→ INFORMATION SUPPLIED:
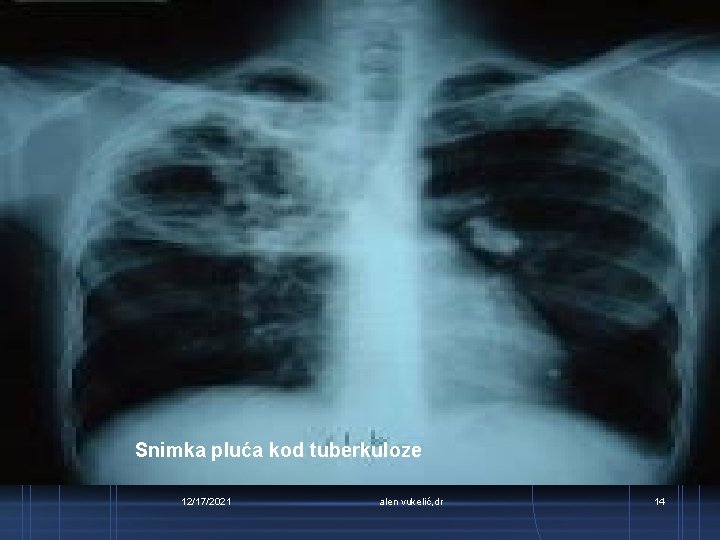 Snimka pluća kod tuberkuloze 12/17/2021 alen vukelić, dr 14 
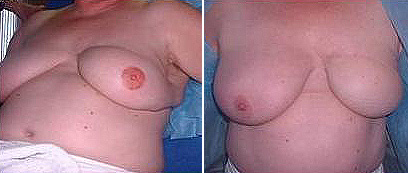 משמאל: שחזור פטמות באיפור קבוע, לאחר כריתת השד (צילום: באדיבות אתי וולף) (צילום: באדיבות אתי וולף)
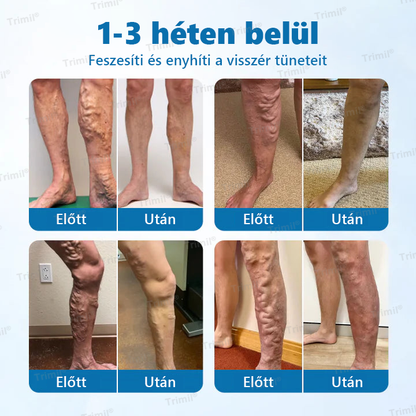 💎Trimil® VeinGuard Gyógynövényes Spray💎 - Klinikailag bizonyított, hogy mindössze 7 nap alatt megszünteti a visszereket!✨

→ YOUR INSTRUCTIONS:
For this exercise, give the listing again exactly as written, with the pictures omitted.

→ RESULT FOR THIS TASK:
 Snimka pluća kod tuberkuloze 12/17/2021 alen vukelić, dr 14 
 משמאל: שחזור פטמות באיפור קבוע, לאחר כריתת השד (צילום: באדיבות אתי וולף) (צילום: באדיבות אתי וולף)
 💎Trimil® VeinGuard Gyógynövényes Spray💎 - Klinikailag bizonyított, hogy mindössze 7 nap alatt megszünteti a visszereket!✨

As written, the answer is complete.